Regulatory data late on Friday highlighted the extent of
their gloom, with managed money, a proxy for speculators, again increasing its
net short position in Chicago wheat
futures and options, to 11,899, the biggest in seven months.
(Net short positions indicate more short bets, which profit
when values fall, than long ones, which profit when prices rise.)
In Chicago corn, managed
money cut its net long position by 35,522 lots to 140,109 contracts, the lowest
for nigh on six months, while the net long in soybeans was cut by nearly 21,000 contracts, to 109,007 lots.
'Extremely oversold'
The extent of selling could ultimately prove supportive, if
it prompts ideas that it has gone too far and sparks hedge funds to turn long
again.
"Besides the competitiveness of US wheat in the global market, I also view the fact that all three US wheat
markets are extremely oversold as a supportive factor going forward," Brian
Henry at Benson Quinn Commodities said.
"However, the potential bull may be wise to see how this
plays out after the first of the year as more upward momentum is needed to
shift daily and weekly momentum studies from negative indicators."
Indeed, early January will bring index fund rebalancing, in which
funds sell the best-performers of 2012 and buy the laggards, so adjusting their
portfolio weightings back to those of the index they track.
That means selling in the likes of Chicago wheat, which remains
a leading performer of the year.
'Rallies hard to
sustain'
So it was the late softness in the last session which was
more a guide to direction in early deals than the positive closes.
"Wheat did bounce nicely on Friday, but rallies have been
hard to sustain," Mike Mawdsley at Market 1 said.
For wheat, down 1.1% at $7.70 ½ a bushel at 08:30 UK time
(02:30 Chicago time), the decline came despite more signs of import demand,
with Iraq tendering for the grain, at a time when US supplies are around the
cheapest in the world.
Indeed, data on Friday showed US weekly wheat export sales
at more than 1.0m tonnes, their highest in nearly two years.
"Weekly export sales were over twice the amount, 425,000
tonnes, that needs to be averaged to meet the US Department of Agriculture's current
projections of 1.05bn bushels."
'Stuck in a repeating
cycle'
For the row crops, one of the key price influences at this
time of year, South American weather, was mixed, with central and northern Brazil
looking dry, a potentially unhelpful sign, but Argentina, which has had too
much moisture, drying out too.
"The weather pattern appears to be stuck in a repeating
cycle over South America," weather service WxRisk.com said.

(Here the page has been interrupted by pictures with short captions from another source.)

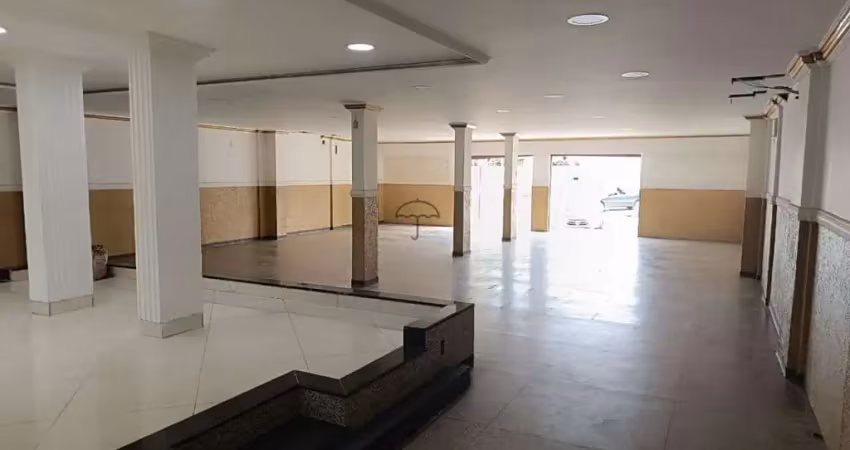 Prédio à venda na QR 5, Candangolândia, Brasília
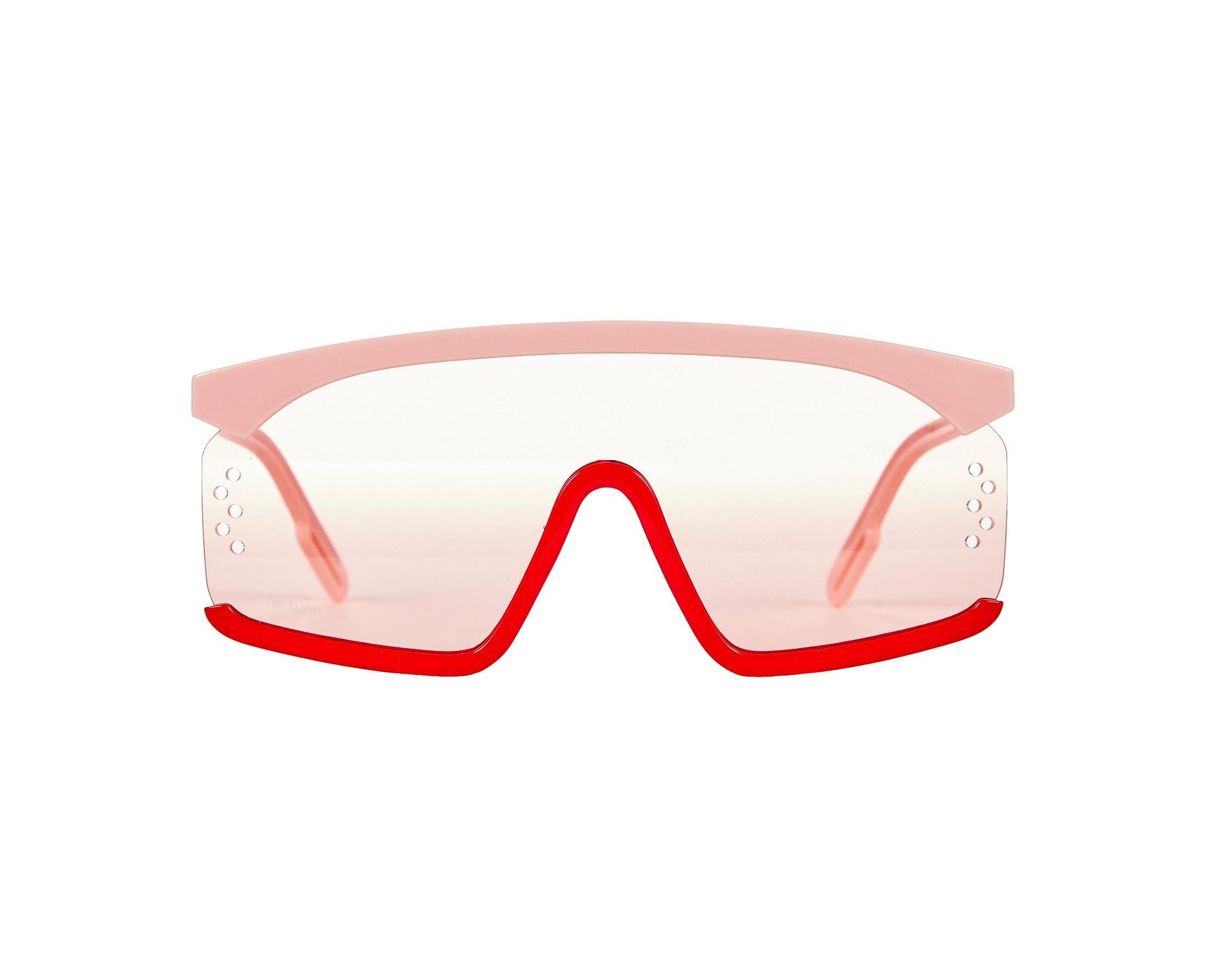 mens sunglasses nz, sunglasses nz, womens sunglasses nz, sunglasses for men, cheap sunglasses, sunglasses auckland, sunglass nz, fortune eyewear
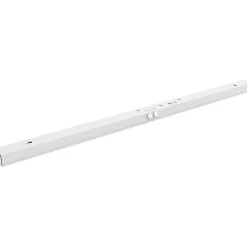 Sale Designlight Bänky m. uttag 118cm Vit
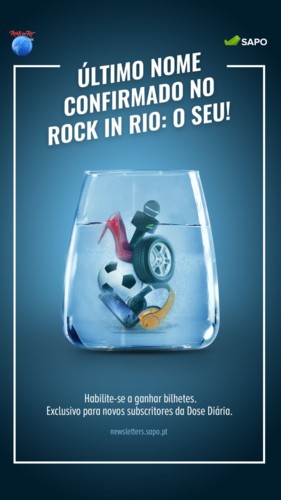 transferir (3).jpg transferir (3).jpg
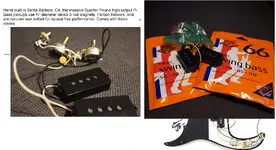 Quarter Pounders PBass.webp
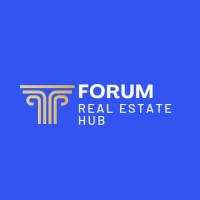 REAL ESTATE  PUCC logo - Similar company to Manevision
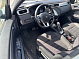 Renault Arkana Drive, 2021 года, пробег 98205 км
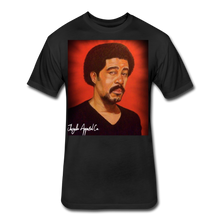 J's Shirts 2022 RP - black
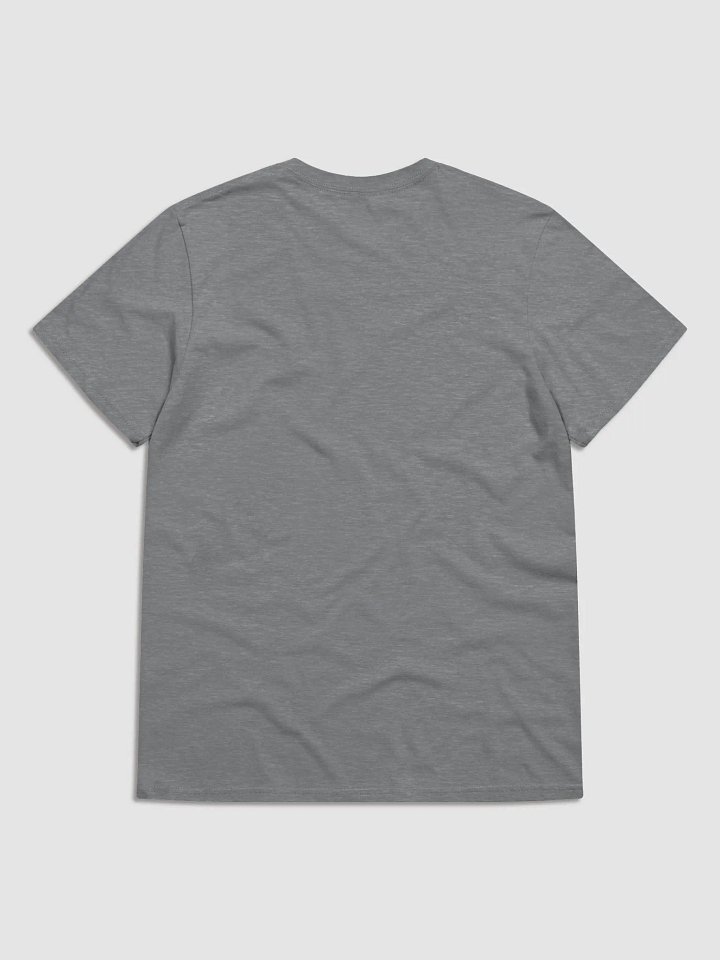 Men's Happy Camper Tee product image (2)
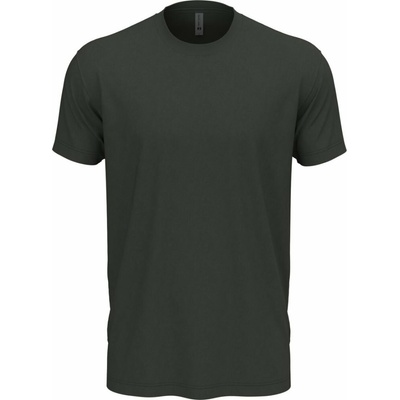 Next Level Apparel N 3600 graphit black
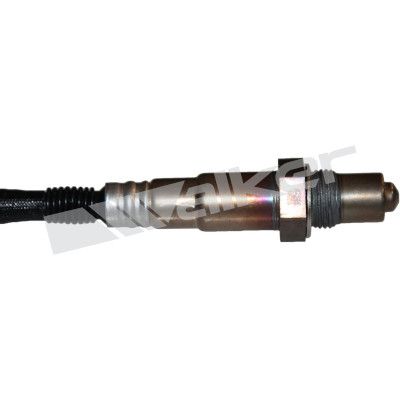 LAMBDASONDE WALKER PRODUCTS 35034170 1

"The weather models continue to keep the heat dome centred
over much of central and east central Brazil, which means that eastern portions
of Mato Grosso, Goias, Tocantins, Bahia and, Minas Gerais stay pretty dry over
the next seven-to-10 days.
"On the other hand a
series of fairly strong systems moving to the jet stream will bring significant
rain almost every day to portions of Paraguay, Mato Grosso do Sul, Sao Paulo, Santa Caterina and Rio Grande do Sul".
Production estimates
At Benson Quinn, Kim Rugel said: "Brazilian soybean production
estimates range from 80m to 84m tonnes with weather for north eastern Brazil over
the next couple weeks determining whether the crop is on the high end of low
end of estimate range.
"Analysts have been lowering Argentine production estimates
which range from 50m to 55m tonnes, with the USDA at high end of range.
"Excessive rains during December which brought flooding in
some key producing regions have delayed planting, and have trade looking for
lower production due to lower yield potential on late-planted beans."
Soybeans for March dropped 0.7% to $14.09 ½ a bushel, while
corn for March fell 0.2% to $6.92 ½ a bushel.